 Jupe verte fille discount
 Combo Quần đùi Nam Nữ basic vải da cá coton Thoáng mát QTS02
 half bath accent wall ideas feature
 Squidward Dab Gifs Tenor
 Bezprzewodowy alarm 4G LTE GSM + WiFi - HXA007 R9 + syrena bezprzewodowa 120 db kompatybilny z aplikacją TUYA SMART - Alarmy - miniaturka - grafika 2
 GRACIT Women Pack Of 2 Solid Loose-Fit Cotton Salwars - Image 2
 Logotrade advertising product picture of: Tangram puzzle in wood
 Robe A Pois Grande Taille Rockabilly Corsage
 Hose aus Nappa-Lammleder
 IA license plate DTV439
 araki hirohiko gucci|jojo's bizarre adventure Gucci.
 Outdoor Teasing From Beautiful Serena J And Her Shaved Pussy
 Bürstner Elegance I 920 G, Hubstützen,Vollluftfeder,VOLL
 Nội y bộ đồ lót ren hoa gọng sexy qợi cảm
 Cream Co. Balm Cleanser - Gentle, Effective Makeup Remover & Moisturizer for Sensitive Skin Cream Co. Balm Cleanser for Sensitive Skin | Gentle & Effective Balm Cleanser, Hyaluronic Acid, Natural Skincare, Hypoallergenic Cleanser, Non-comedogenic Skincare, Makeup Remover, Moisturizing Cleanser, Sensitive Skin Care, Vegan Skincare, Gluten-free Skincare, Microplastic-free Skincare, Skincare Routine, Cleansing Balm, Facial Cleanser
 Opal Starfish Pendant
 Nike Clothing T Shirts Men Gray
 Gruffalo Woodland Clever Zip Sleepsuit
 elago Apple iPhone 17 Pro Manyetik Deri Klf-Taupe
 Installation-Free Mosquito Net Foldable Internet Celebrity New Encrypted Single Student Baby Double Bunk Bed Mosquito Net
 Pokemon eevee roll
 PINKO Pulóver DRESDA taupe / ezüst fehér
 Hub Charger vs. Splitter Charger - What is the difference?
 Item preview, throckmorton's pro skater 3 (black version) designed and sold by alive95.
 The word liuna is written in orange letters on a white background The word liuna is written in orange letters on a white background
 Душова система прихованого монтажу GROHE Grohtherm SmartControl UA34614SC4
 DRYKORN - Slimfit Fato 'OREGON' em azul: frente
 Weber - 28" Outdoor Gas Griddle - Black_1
****
**EXERCISE OBJECTIVE:** Wherever the word "Outdoor" appears in the entries above, copy that line.

**ANSWER SPACE:**
 Outdoor Teasing From Beautiful Serena J And Her Shaved Pussy
 Weber - 28" Outdoor Gas Griddle - Black_1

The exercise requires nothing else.